OCRing a scanned book

I had the pleasure to use a “Bookeye” book scanner. It’s a huge device which helps scanning things like books or folders. It’s very quick and very easy to use. I got a huge PDF out of my good 100 pages that I’ve scanned.

Unfortunately the light was very bright and so the scanner scanned “through” the open pages revealing the back sides of the pages. That’s not very cool and I couldn’t really dim the light or put a sheet between the Pages.
Also, it doesn’t do OCR but my main point of digitalising this book was to actually have it searchable and copy&pastable.

There seem to be multiple options to do OCR on images:

tesseract

covered already

ocropus

Apparently this is supposed to be tesseract on steroids as it can recognise text on paper and different layouts and everything.
Since it’s a bit painful to compile, I’d love to share my experiences hoping that it will become useful to somebody.

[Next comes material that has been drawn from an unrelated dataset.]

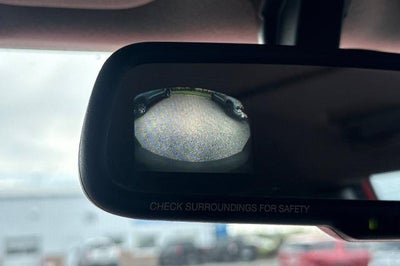 2012 Toyota FJ Cruiser BASE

During compilation of ocropus, you might run into issues like this or that, so be prepared to patch the code.


cd /tmp/
svn checkout http://iulib.googlecode.com/svn/trunk/ iulib
cd iulib/
./configure --prefix=/tmp/libiu-install
make && make install


cd /tmp/
wget http://www.leptonica.com/source/leptonlib-1.67.tar.gz -O- | tar xvzf -
cd leptonlib*/
./configure --prefix=/tmp/leptonica
make && make install


cd /tmp/
svn checkout http://ocropus.googlecode.com/svn/trunk/ ocropus
# This is due to this bug: http://code.google.com/p/ocropus/issues/detail?id=283
cat > ~/bin/leptheaders <
#!/bin/sh
echo /tmp/leptonica/include/leptonica/
EOF
chmod a+x ~/bin/leptheaders
./configure --prefix=/tmp/ocropus-install --with-iulib=/tmp/libiu-install/
make && make install

muelli@bigbox /tmp $ LD_LIBRARY_PATH=/tmp/ocropus-install/lib/:/tmp/leptonica/lib/ ./ocropus-install/bin/ocroscript --help
usage: ./ocropus-install/bin/ocroscript [options] [script [args]].
Available options are:
  -e stat  execute string 'stat'
  -l name  require library 'name'
  -i       enter interactive mode after executing 'script'
  -v       show version information
  --       stop handling options
  -        execute stdin and stop handling options
muelli@bigbox /tmp $

However, I can’t do anything because I can’t make LUA load the scripts from the share/ directory of the prefix. Too sad. It looked very promising.

Cuneiform

This is an interesting thing. It’s a BSD licensed russian OCR software that was once one the leading tools to do OCR.
Interestingly, it’s the most straight forward thing to install, compared to the other things listed here.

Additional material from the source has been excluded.